======== Dataset extract ========

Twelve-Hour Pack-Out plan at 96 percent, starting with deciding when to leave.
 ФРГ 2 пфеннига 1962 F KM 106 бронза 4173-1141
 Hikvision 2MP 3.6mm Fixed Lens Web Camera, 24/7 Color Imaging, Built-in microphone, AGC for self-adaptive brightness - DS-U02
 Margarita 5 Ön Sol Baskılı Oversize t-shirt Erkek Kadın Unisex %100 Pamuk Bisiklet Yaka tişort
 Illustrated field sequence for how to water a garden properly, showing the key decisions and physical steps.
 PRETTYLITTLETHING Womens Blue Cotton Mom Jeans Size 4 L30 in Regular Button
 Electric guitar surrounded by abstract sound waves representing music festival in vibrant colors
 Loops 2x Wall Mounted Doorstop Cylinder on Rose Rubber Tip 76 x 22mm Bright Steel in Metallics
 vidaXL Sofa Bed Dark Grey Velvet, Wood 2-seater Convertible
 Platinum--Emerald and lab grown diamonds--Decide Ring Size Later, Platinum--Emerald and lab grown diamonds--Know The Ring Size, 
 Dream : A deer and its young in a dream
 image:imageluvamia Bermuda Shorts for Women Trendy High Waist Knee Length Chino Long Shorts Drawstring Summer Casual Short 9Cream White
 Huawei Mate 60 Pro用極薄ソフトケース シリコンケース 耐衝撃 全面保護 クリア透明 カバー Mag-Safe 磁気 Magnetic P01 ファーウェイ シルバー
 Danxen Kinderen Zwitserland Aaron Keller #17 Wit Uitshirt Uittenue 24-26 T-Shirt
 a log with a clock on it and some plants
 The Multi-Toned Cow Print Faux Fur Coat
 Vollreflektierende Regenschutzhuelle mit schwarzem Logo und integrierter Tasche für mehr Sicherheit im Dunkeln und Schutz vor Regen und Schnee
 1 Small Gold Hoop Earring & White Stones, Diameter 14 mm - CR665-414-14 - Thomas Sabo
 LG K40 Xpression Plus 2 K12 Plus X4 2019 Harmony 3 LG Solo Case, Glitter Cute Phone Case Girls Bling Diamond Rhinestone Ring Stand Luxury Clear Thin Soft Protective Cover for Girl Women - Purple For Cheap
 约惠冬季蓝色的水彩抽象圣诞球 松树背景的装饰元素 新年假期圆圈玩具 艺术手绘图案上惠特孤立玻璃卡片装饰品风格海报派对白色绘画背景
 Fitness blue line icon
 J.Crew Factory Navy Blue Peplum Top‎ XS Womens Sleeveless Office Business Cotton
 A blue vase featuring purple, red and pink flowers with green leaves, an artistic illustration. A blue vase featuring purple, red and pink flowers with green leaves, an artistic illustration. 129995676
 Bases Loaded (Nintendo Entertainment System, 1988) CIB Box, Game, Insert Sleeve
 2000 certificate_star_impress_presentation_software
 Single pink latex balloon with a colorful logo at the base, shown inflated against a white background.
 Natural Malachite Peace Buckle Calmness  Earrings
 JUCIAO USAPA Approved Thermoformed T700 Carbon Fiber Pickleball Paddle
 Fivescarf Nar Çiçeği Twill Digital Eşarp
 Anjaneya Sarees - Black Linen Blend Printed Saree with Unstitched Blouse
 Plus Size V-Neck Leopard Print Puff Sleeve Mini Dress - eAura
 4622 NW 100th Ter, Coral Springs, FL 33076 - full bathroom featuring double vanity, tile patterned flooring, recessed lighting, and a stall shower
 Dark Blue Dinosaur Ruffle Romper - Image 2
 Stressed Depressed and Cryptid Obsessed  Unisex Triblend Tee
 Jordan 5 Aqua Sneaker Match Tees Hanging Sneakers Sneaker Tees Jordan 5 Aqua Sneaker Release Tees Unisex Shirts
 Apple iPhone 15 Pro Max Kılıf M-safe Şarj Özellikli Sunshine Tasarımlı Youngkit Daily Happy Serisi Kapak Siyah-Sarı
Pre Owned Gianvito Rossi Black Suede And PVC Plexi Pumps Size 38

========

#### Problem statement:
Repeat only the lines from the one holding "J.Crew Factory Navy" through the last line of the data.

#### Reply:
 J.Crew Factory Navy Blue Peplum Top‎ XS Womens Sleeveless Office Business Cotton
 A blue vase featuring purple, red and pink flowers with green leaves, an artistic illustration. A blue vase featuring purple, red and pink flowers with green leaves, an artistic illustration. 129995676
 Bases Loaded (Nintendo Entertainment System, 1988) CIB Box, Game, Insert Sleeve
 2000 certificate_star_impress_presentation_software
 Single pink latex balloon with a colorful logo at the base, shown inflated against a white background.
 Natural Malachite Peace Buckle Calmness  Earrings
 JUCIAO USAPA Approved Thermoformed T700 Carbon Fiber Pickleball Paddle
 Fivescarf Nar Çiçeği Twill Digital Eşarp
 Anjaneya Sarees - Black Linen Blend Printed Saree with Unstitched Blouse
 Plus Size V-Neck Leopard Print Puff Sleeve Mini Dress - eAura
 4622 NW 100th Ter, Coral Springs, FL 33076 - full bathroom featuring double vanity, tile patterned flooring, recessed lighting, and a stall shower
 Dark Blue Dinosaur Ruffle Romper - Image 2
 Stressed Depressed and Cryptid Obsessed  Unisex Triblend Tee
 Jordan 5 Aqua Sneaker Match Tees Hanging Sneakers Sneaker Tees Jordan 5 Aqua Sneaker Release Tees Unisex Shirts
 Apple iPhone 15 Pro Max Kılıf M-safe Şarj Özellikli Sunshine Tasarımlı Youngkit Daily Happy Serisi Kapak Siyah-Sarı
Pre Owned Gianvito Rossi Black Suede And PVC Plexi Pumps Size 38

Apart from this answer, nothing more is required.